Work order. Return the lines of the data below starting at the one holding "El Cocoliso Lyrics English Translation" and ending at the one holding "I Love My Trees - Image 1", word for word, leaving every picture out.
═══ Data to process ═══
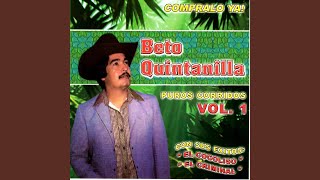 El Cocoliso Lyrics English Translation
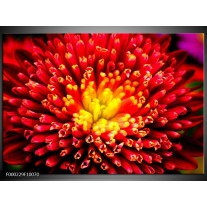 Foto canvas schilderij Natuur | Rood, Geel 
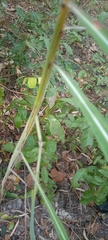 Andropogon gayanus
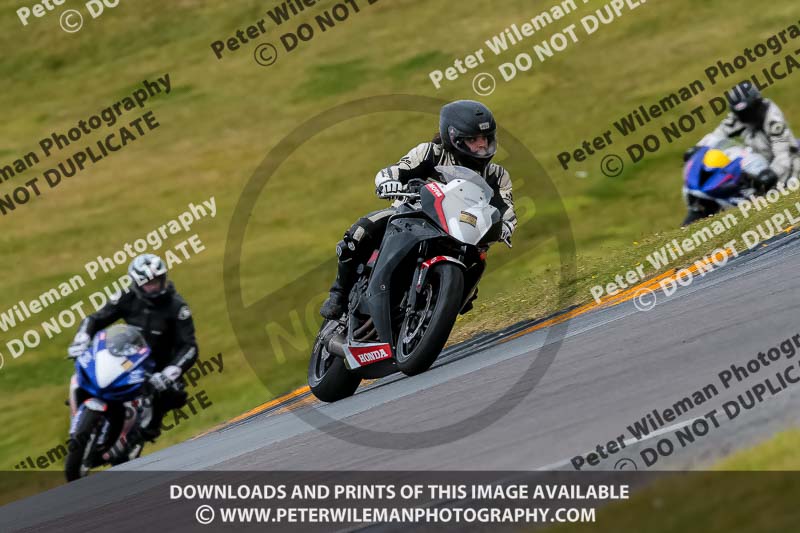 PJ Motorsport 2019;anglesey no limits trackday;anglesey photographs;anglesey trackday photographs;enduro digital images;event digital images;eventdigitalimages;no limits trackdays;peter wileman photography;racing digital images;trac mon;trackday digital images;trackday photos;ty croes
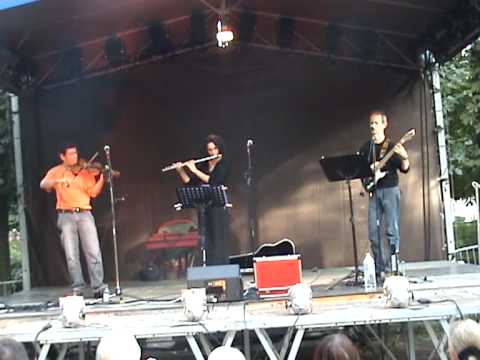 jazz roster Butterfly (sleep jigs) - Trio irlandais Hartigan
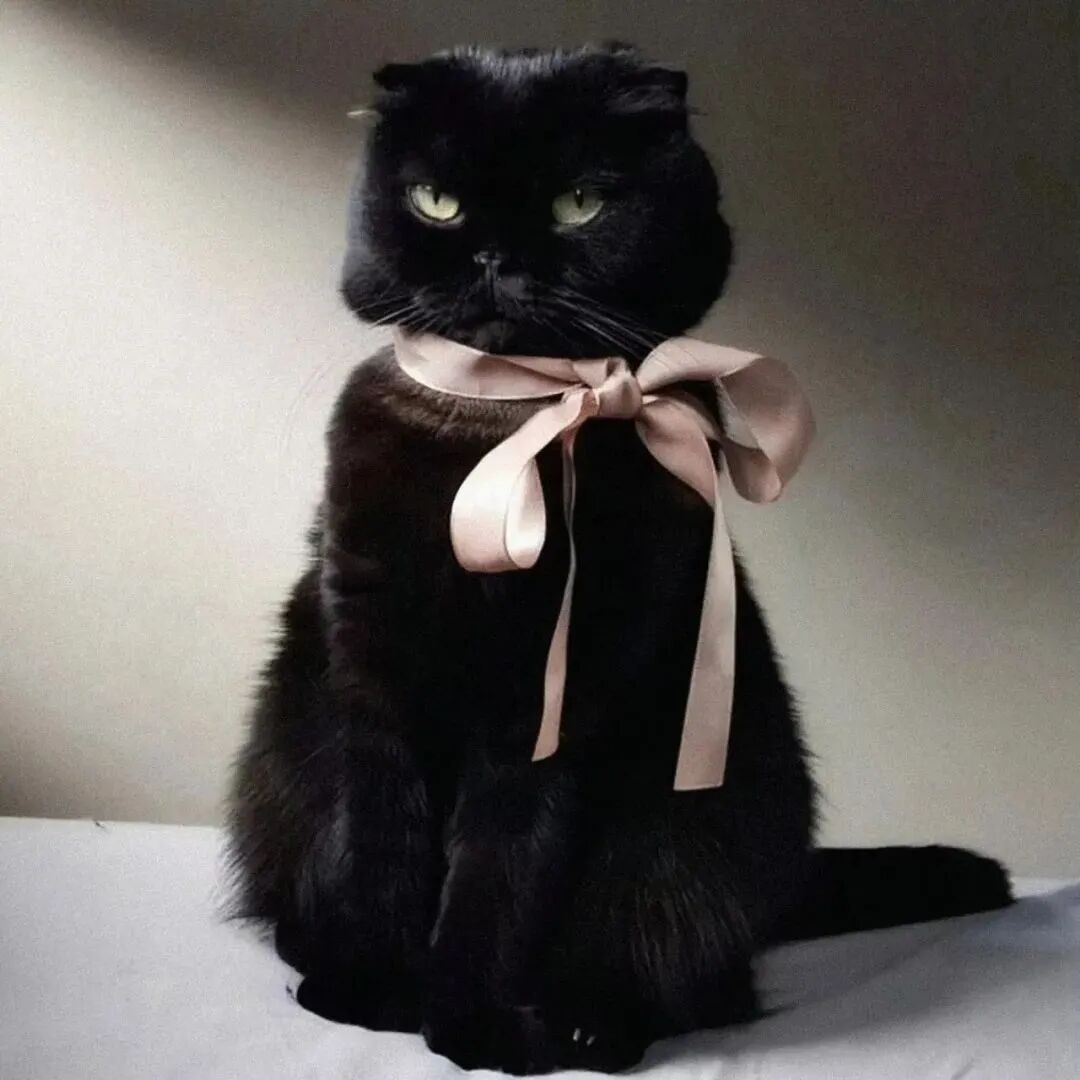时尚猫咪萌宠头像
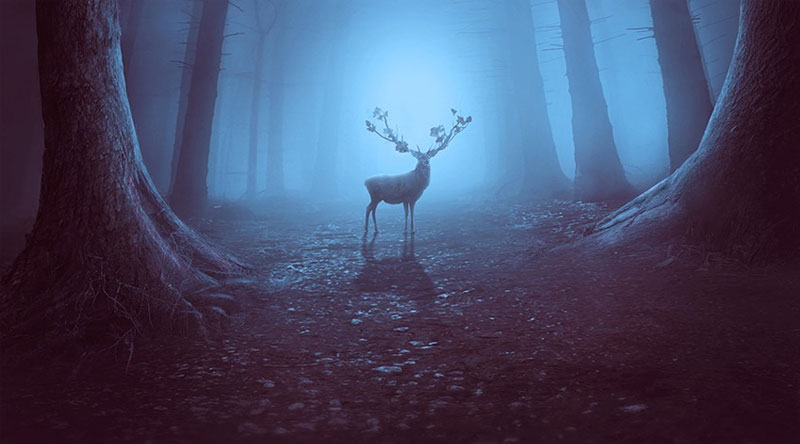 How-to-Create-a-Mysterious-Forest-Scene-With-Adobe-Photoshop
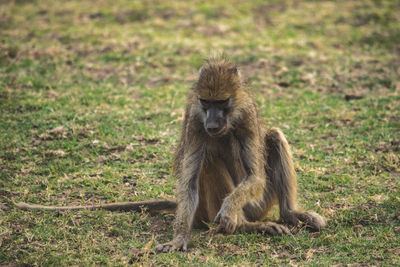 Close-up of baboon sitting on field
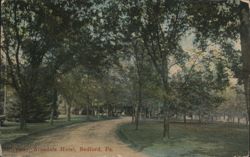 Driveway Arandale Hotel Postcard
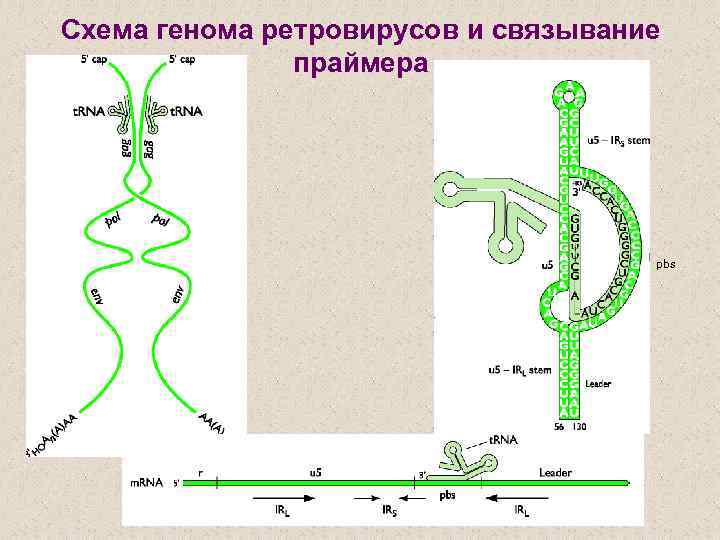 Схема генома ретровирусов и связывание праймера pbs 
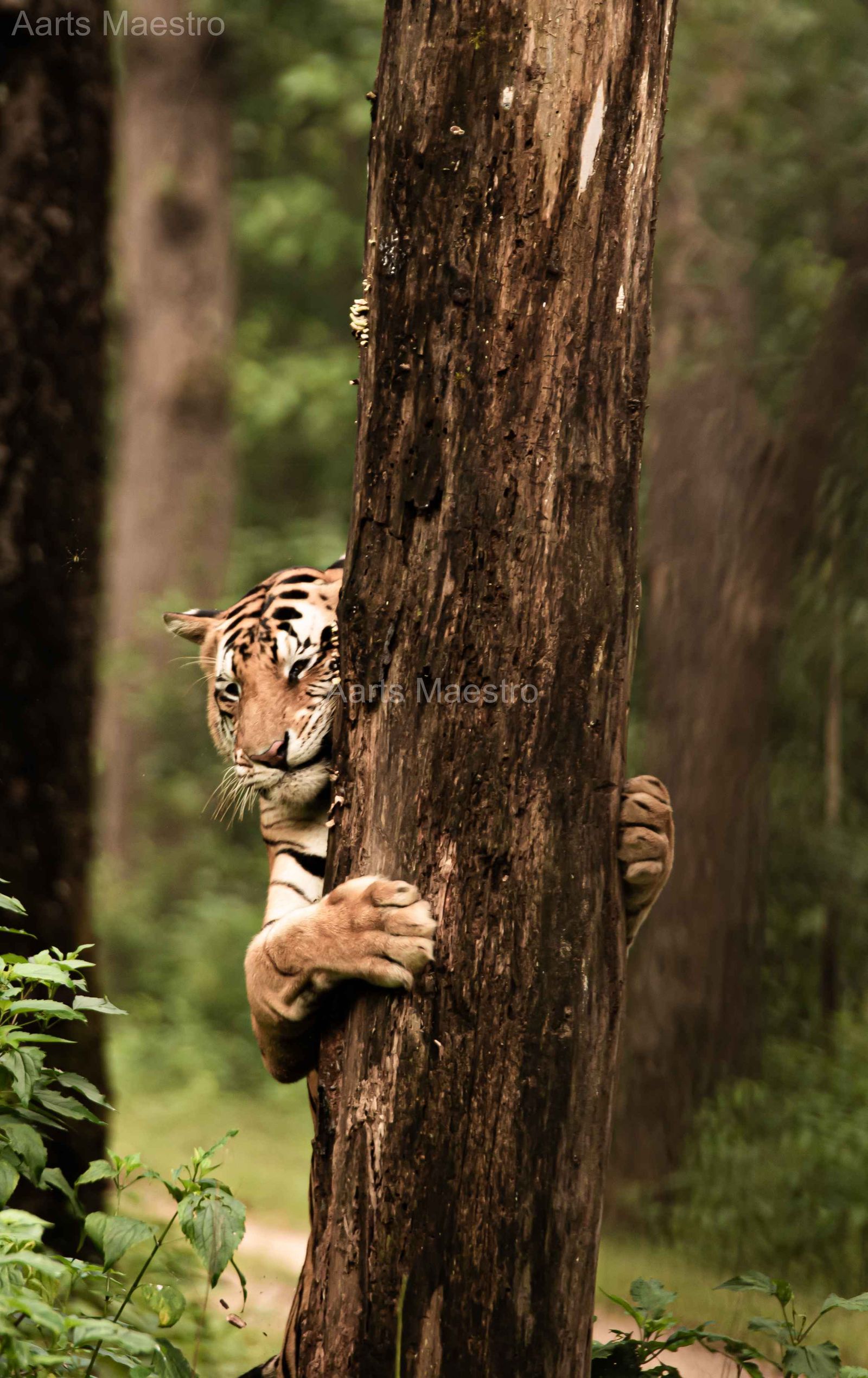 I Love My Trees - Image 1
═══
═══ Data to process ═══
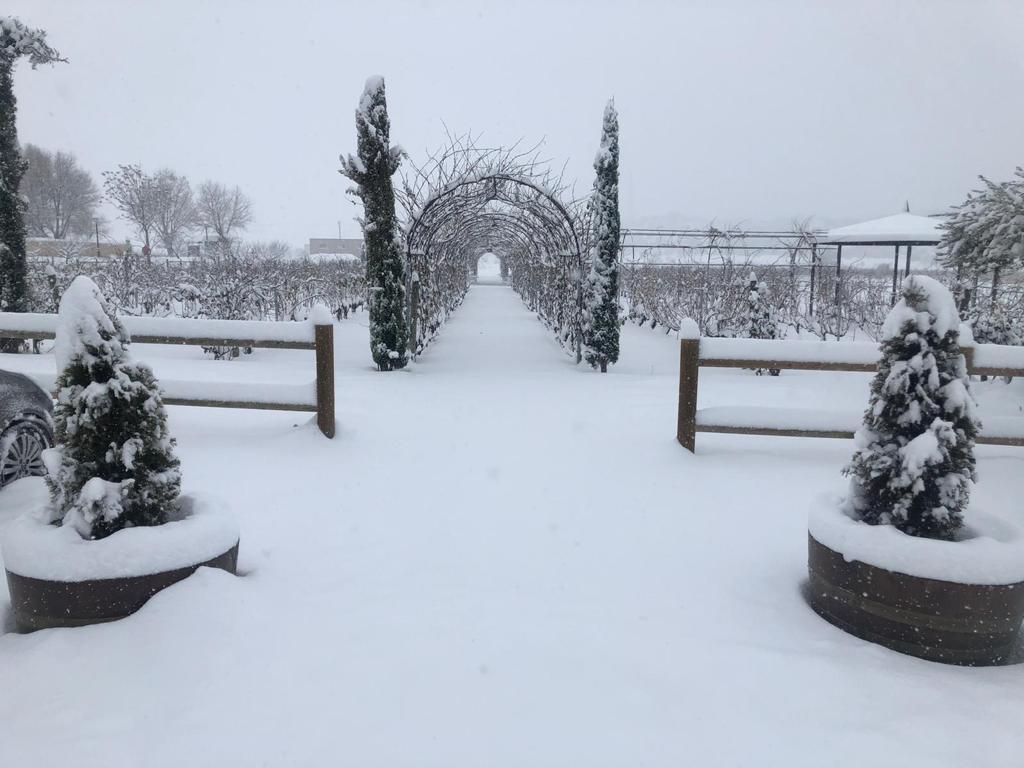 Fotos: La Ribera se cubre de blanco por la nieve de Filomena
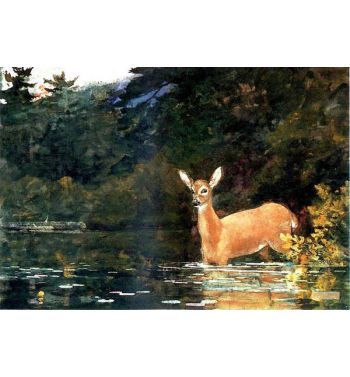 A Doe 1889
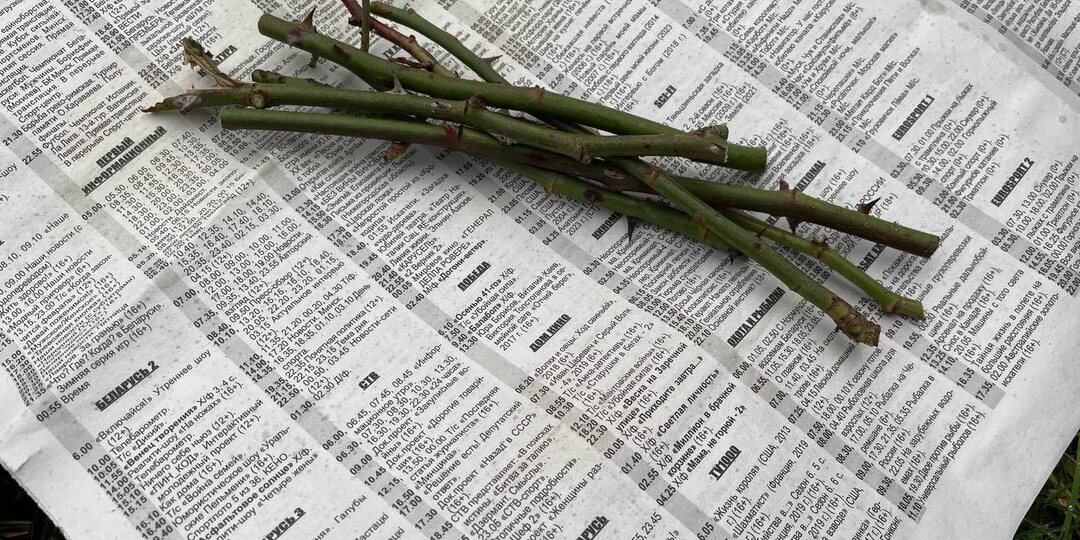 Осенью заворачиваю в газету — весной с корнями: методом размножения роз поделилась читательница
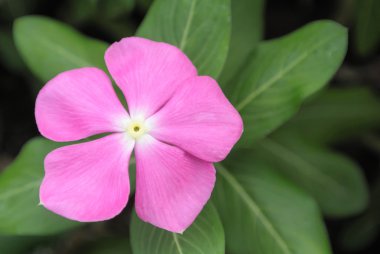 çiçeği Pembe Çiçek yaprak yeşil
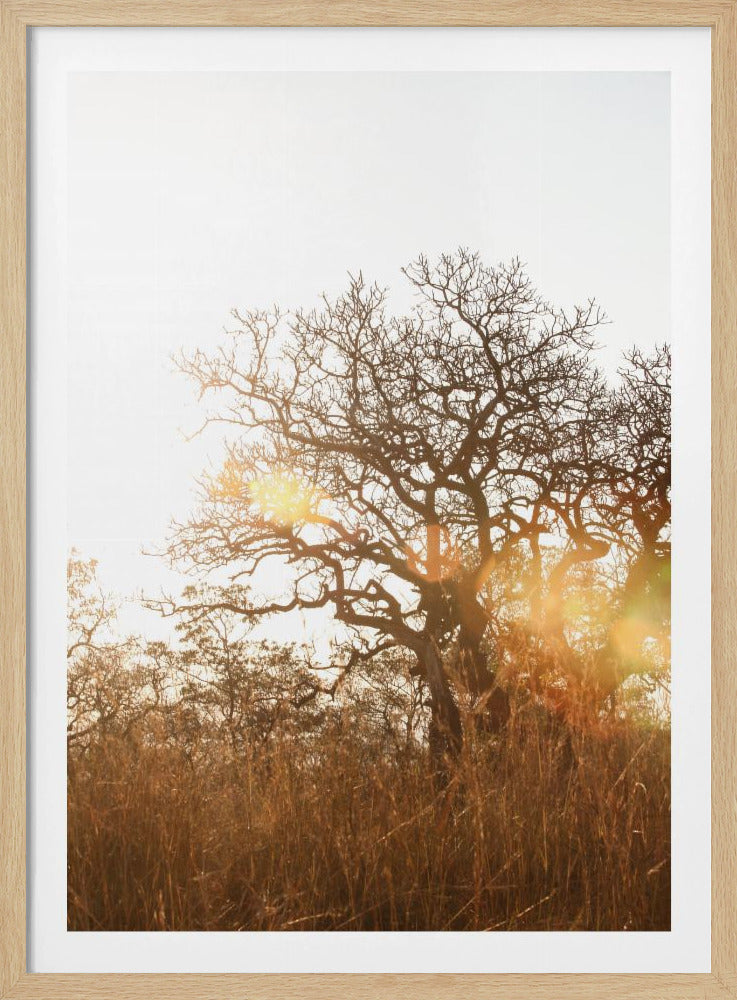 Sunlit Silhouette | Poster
═══
═══ Data to process ═══
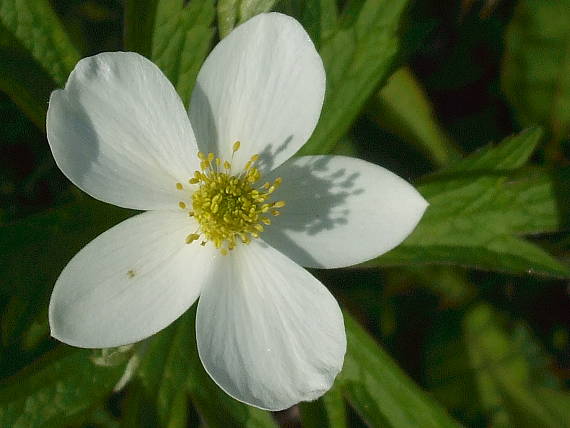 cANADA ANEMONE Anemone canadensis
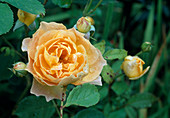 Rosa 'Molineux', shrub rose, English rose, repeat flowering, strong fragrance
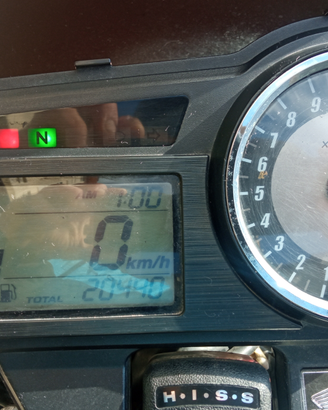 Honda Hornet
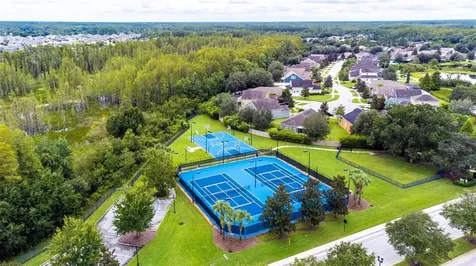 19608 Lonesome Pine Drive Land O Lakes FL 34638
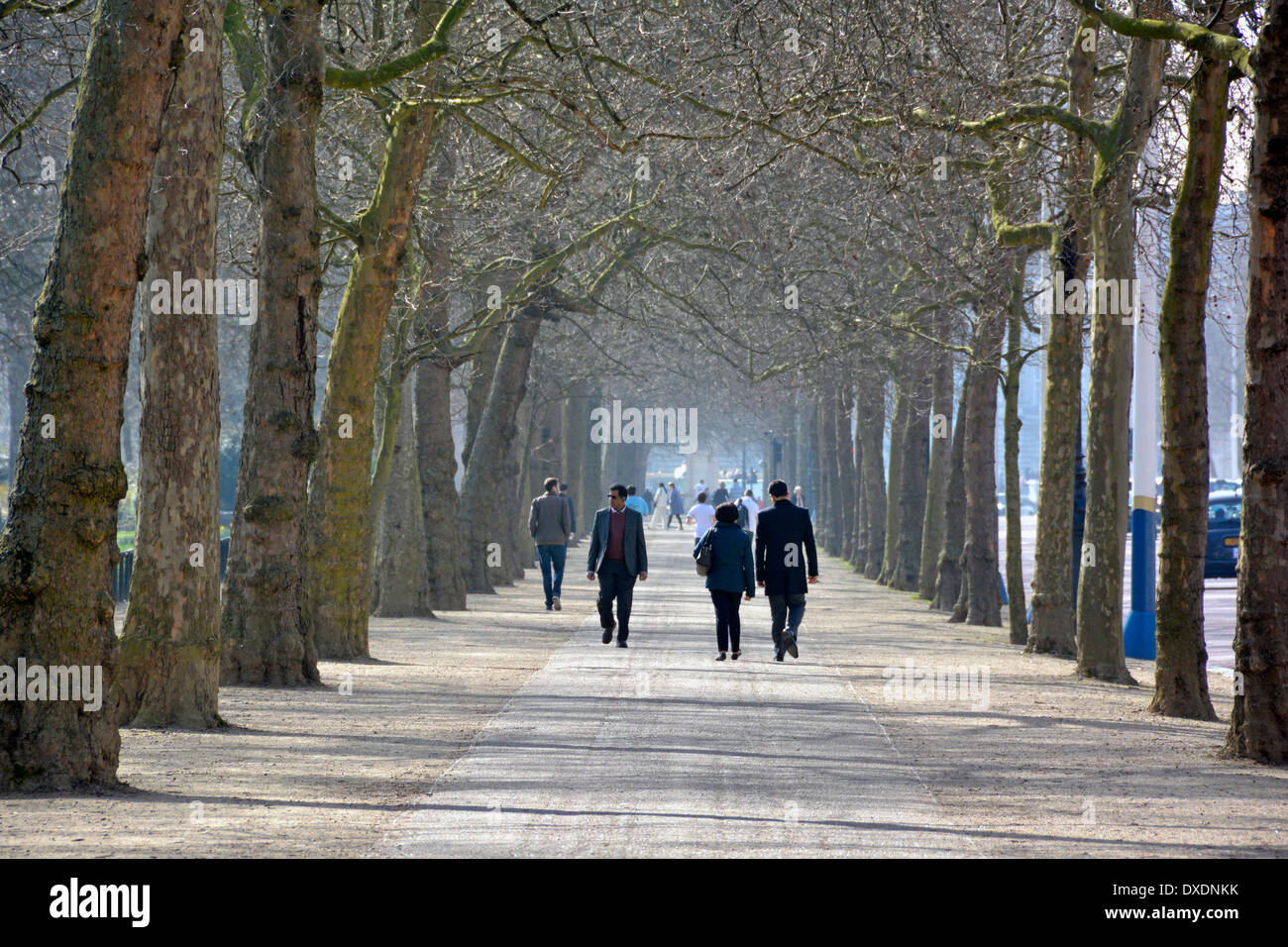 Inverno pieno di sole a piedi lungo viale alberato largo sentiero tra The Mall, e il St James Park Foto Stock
═══
Response area.
 El Cocoliso Lyrics English Translation
 Foto canvas schilderij Natuur | Rood, Geel 
 Andropogon gayanus
 PJ Motorsport 2019;anglesey no limits trackday;anglesey photographs;anglesey trackday photographs;enduro digital images;event digital images;eventdigitalimages;no limits trackdays;peter wileman photography;racing digital images;trac mon;trackday digital images;trackday photos;ty croes
 jazz roster Butterfly (sleep jigs) - Trio irlandais Hartigan
时尚猫咪萌宠头像
 How-to-Create-a-Mysterious-Forest-Scene-With-Adobe-Photoshop
 Close-up of baboon sitting on field
 Driveway Arandale Hotel Postcard
 Схема генома ретровирусов и связывание праймера pbs 
 I Love My Trees - Image 1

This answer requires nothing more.